You might have seen Eastbourne Pier yesterday, enveloped in a huge black plume of smoke, flames licking around the wooden roof. It was ever so sad. This grand Victorian enterprise, a hundred-or-so years old, consumed in a single afternoon. Apparently, people simply watched from the beach in silence. I can understand that.

I wonder why the Victorians built piers? I suppose it was simply a novel thing to do, to extend the promenade out to sea, where you could look back at the seaside, or the surging waves between the planks beneath your feet. Or perhaps they saw a more commercial opportunity?

In that golden age of engineering and innocence, I imagine stuffy men in starched collars dreaming of whole networks of wooden structures, sprawling out into the ocean, providing little cities on stilts: shops, amusement arcades and entertainments, sweets, iced creams and penny-slot machines. The likes of Margate, Blackpool, Brighton, Eastbourne would have them - jutting out from the beach, where cloth-capped workers, fresh from the glimmering railway, would step out with their bonneted belles.

"Will you hold my hand, dear William?"

"I don't know, Miss Bessie. I'd certainly like to but I'd be a feared of what it might be meaning. Plus me hands are awful grubbed from the railing and I think you should like to keep yours pristine shouldn't you?"
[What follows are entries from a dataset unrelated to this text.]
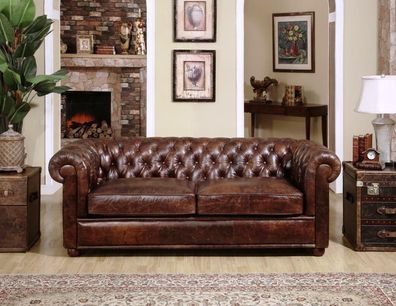 Chestefield Sofa Couch Leder Designer Textil Sitz Polster Garnitur Design 201834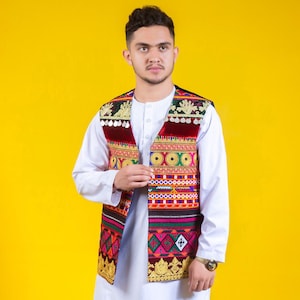Afghan Men’s Traditional Velvet Waistcoat with Charma Embroidery. Handmade Vintage-style embroidered Traditional Afghan Waistcoat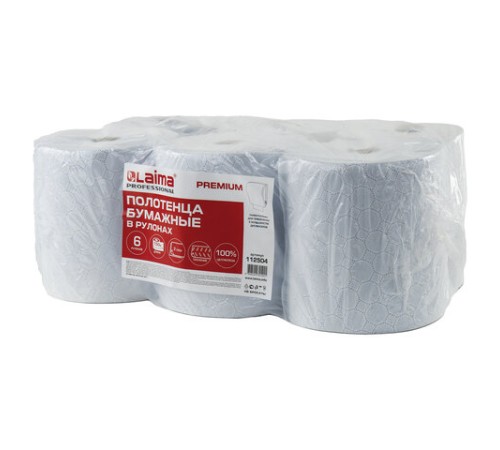 Полотенца бумажные рулонные 150 м, LAIMA (Система H1) PREMIUM, 2-слойные, белые с ЦВЕТНЫМ ТИСНЕНИЕМ, КОМПЛЕКТ 6 рулонов, 112504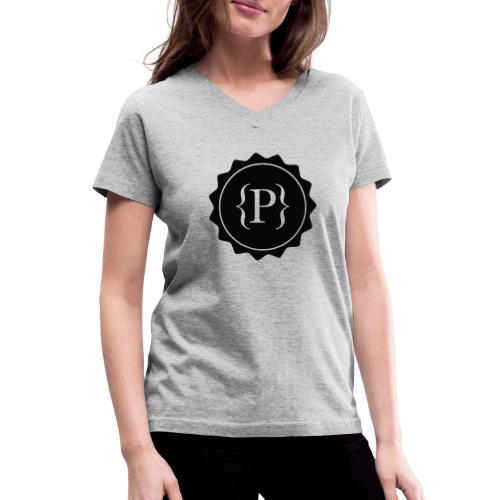 Main Logo Black - Women's V-Neck T-Shirt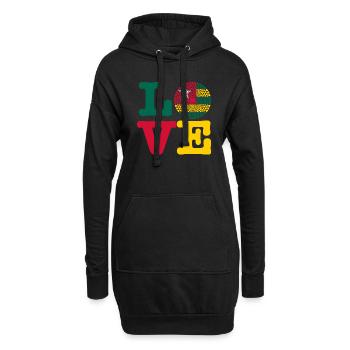 TOGO COEUR - Sweat-shirt à capuche long Femme - noir - Devant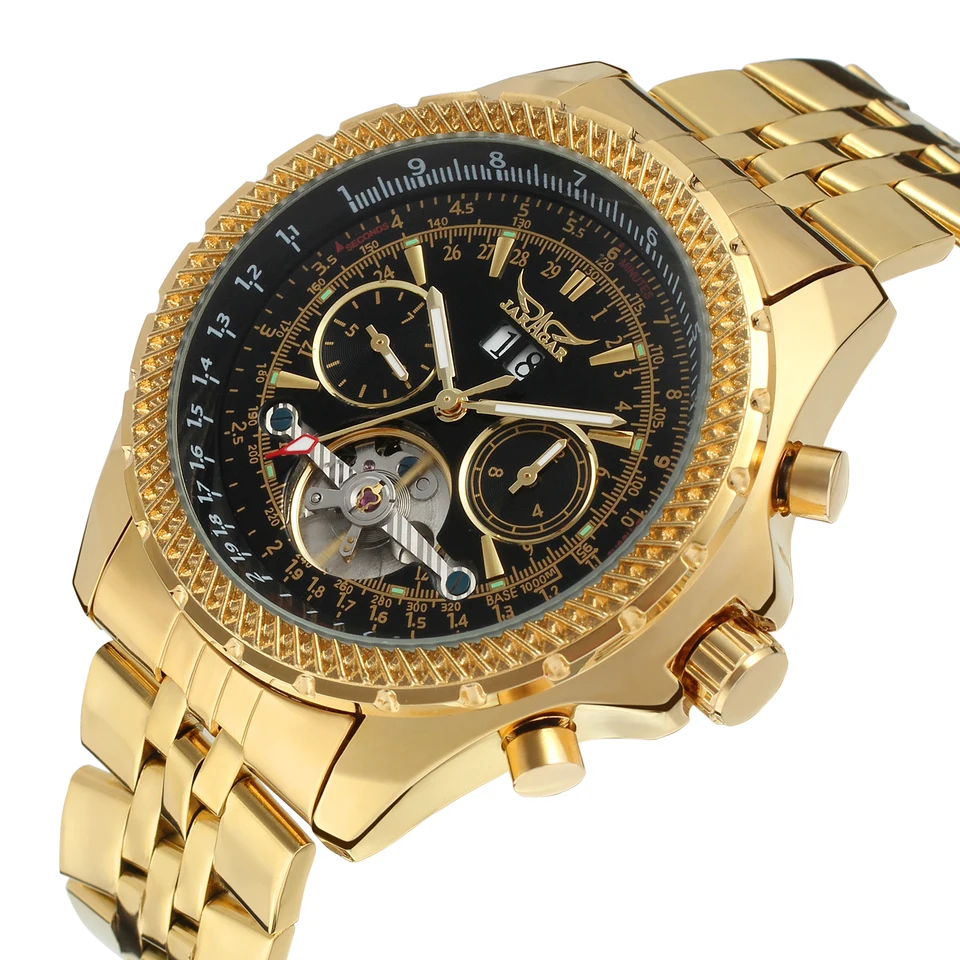 Jaragar Top Brand Auto Men hodinky Tourbillon 2 malé pracovné subd-sub-dials Full Steel Golden Luxury Mechanical Resrainswatches pre človeka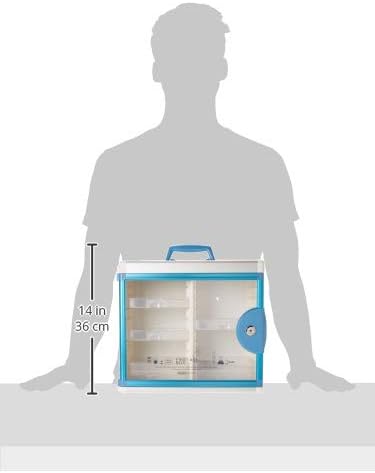 Glosen Medicine Cabinet Locking Medicine Cabinet Wall Mounted【 Green 13.6 x 13.4 x 6.5 Inch 】 Portable Storage Container Big Capacity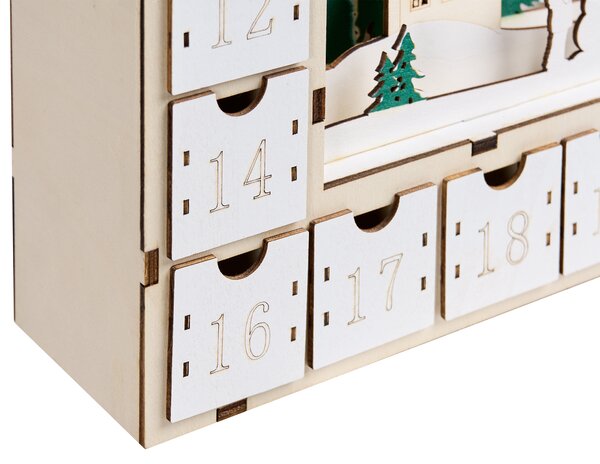Vánoční dekorace LED NISSER 44 cm Adventní kalendář Světle hnědá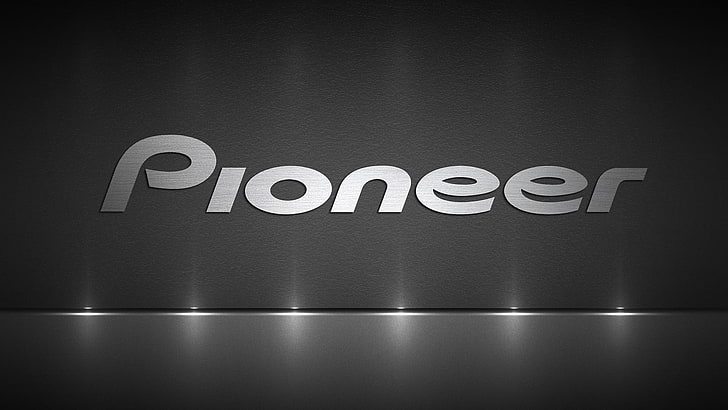 Pioneer logo, monocromatico, pioneer (logo), Sfondo HD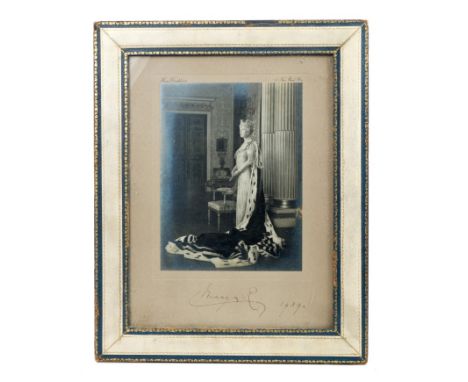 HM Queen Mary - fine signed Royal Presentation portrait photograph of The Queen wearing State robes and jewels, by Hay Wright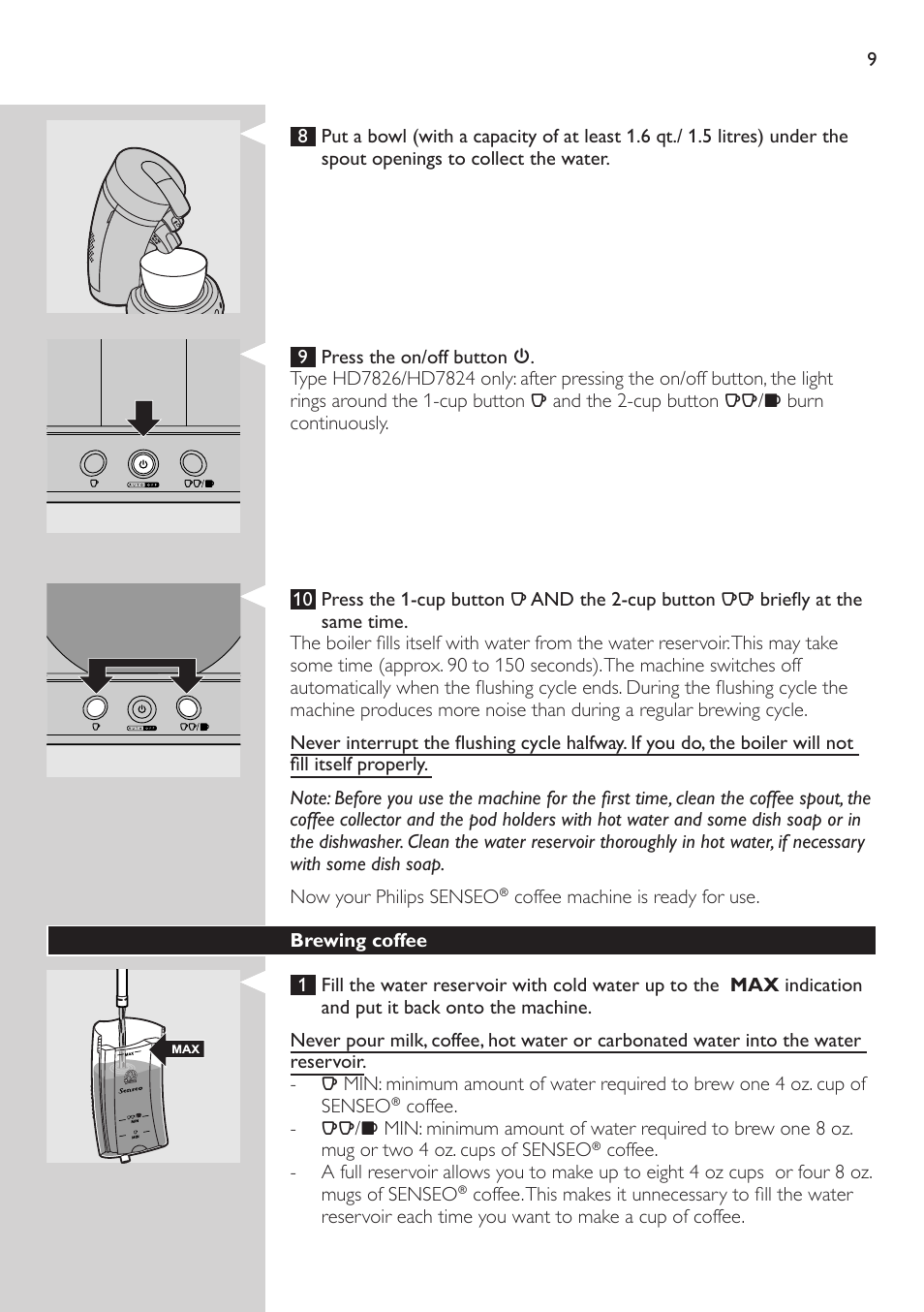 Brewing coffee | Philips HD7826 User Manual | Page 9 / 20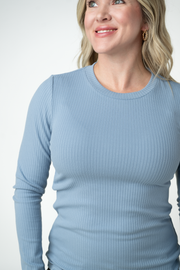 WAREHOUSE ONLY Reese Ribbed Long Sleeve Top - Dusty Blue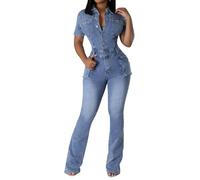 cffvdiz Women's Sexy Slim Denim Jumpsuit Short Sleeve Button Down Stretch Jean Wide Leg Rompers,Blue,XXL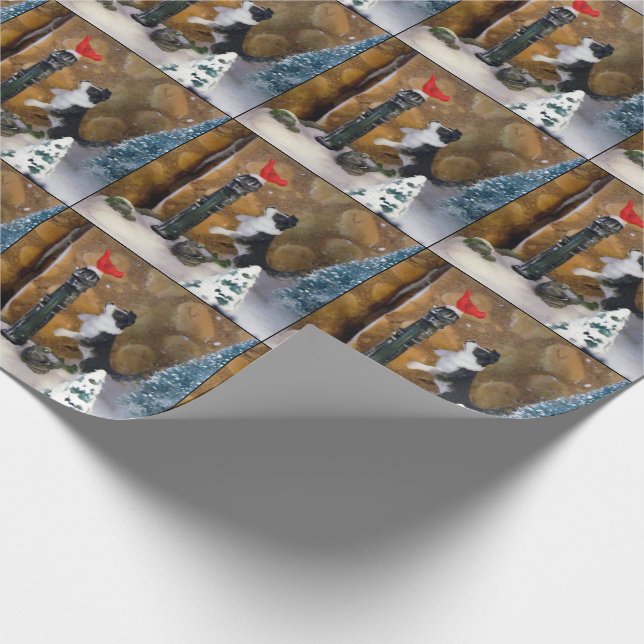 Papel De Regalo Navidades Cachorro y Cardenal - Envuelto de aldea (Esquina)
It's a very different world isn't it? The age of cast iron and wood is long gone, consumed by the raging fires of modernity, eroded by the ocean of change that always laps at these shores. Those top hats and enormous sideburns, those cravats, parasols and fascinators have long since perished from our sorry old world, leaving only the sepia-toned memories and the distant sound of the honky-tonk piano.

And these grand old piers. Walking along them as child, almost felt like stepping into a unique world, back through time to the heyday of my parents' grandparents, growing up in that golden age of the seaside holiday. They'd be saddened probably, if they knew that their favourite pier had become a shell of mangled iron and smoking embers. I hope it's OK to feel sad for them too.